Suspiré, pero decidí no insistir. Había algo mágico en la noche, y no quería arruinarlo con preguntas que probablemente no obtendrían respuesta.

Bailamos durante lo que parecieron horas, perdidos en la música, las risas y la suave luz que nos rodeaba. Nunca había vivido algo tan romántico, tan surrealista.

Era como si el resto del mundo hubiera desaparecido, dejándonos a Meyer y a mí solos bajo ese cielo de luces. De vez en cuando, nuestros ojos se encontraban, y había algo en su mirada que me hacía sentir vulnerable, expuesta. Pero era una vulnerabilidad que me atrevía a explorar.

—No pensé que esta noche sería así —le confesé en un momento, mientras girábamos lentamente en la pista de baile.

—¿Cómo pensaste que sería? —preguntó, levantando una ceja.

—No lo sé... Tal vez esperaba algo más típico de ti. Algo más... caótico.

Meyer se rió, una risa genuina que no había escuchado antes.

—Bueno, supongo que puedo sorprenderte de vez en cuando.

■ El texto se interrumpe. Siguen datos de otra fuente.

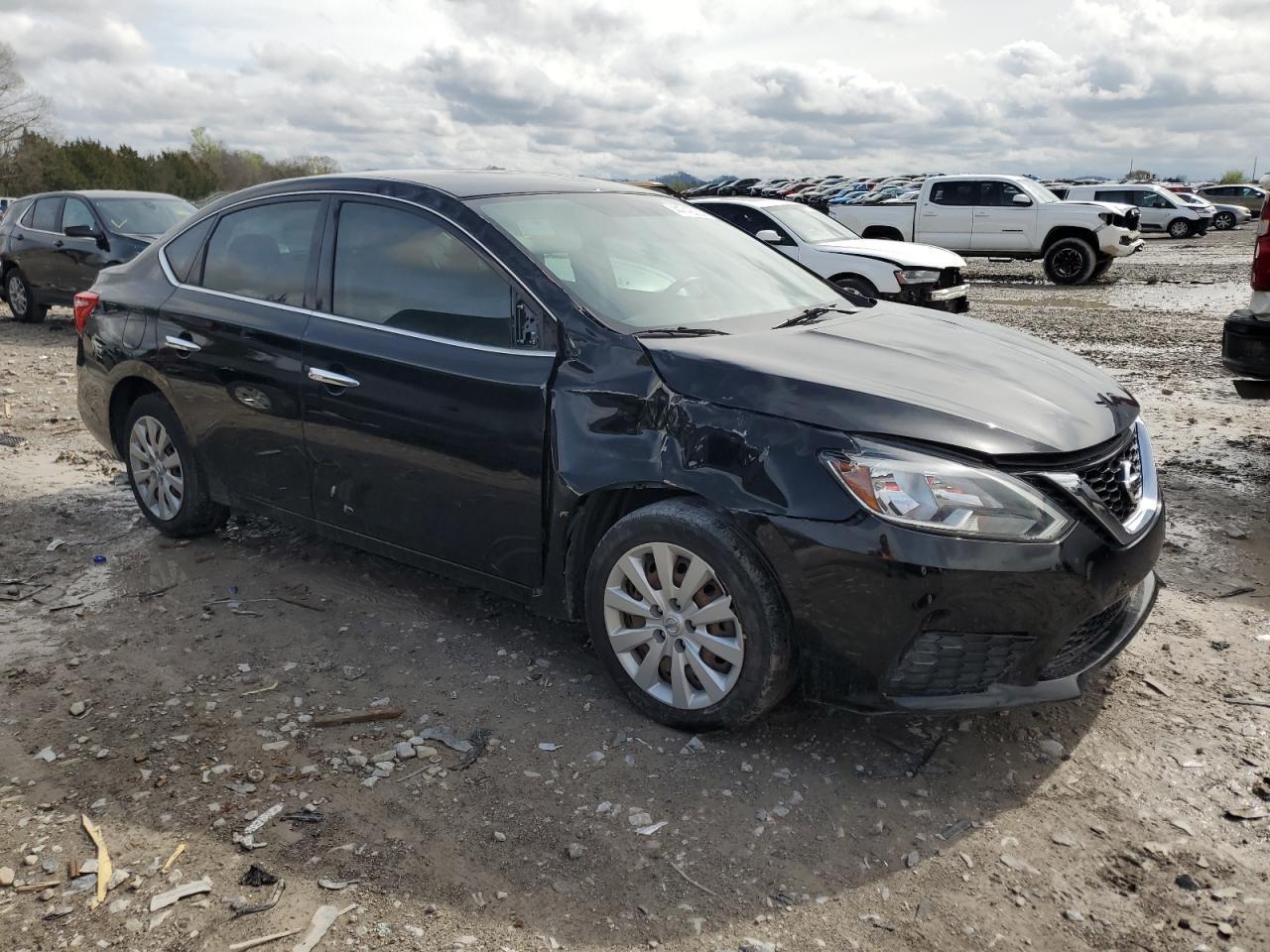 2017 NISSAN SENTRA S - Фото 4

Justo cuando comenzaba a relajarme, algo en su expresión cambió. Una sombra cruzó su rostro, y de repente, sentí que el aire entre nosotros se volvía más denso. El baile continuó, pero el momento se había enfriado. Finalmente, la música bajó el volumen y decidimos que era hora de irnos.

Mientras nos dirigíamos hacia el auto, el ambiente entre nosotros se había vuelto más relajado, aunque no podía ignorar la ligera tensión que seguía flotando en el aire.

Subimos al coche y, mientras avanzábamos por las calles, la conversación fue ligera al principio. Todo parecía estar bien hasta que una pregunta que llevaba tiempo en mi mente salió casi sin pensar.

—Sabes... —comencé con suavidad, sin mirarlo directamente—. Siempre te llaman Meyer. Es tu apellido, ¿no? ¿Cuál es tu nombre?

El silencio que siguió a mi pregunta fue tan frío como inesperado. Pude sentir cómo el ambiente cambiaba en un instante. Meyer no me miró, pero su mandíbula se tensó y sus manos se aferraron con más fuerza al volante.

—Eso no importa —respondió secamente, sin molestarse en disimular su incomodidad.

Lo miré, confundida.

—¿Cómo que no importa? —insistí—. Es solo tu nombre. Quiero saberlo.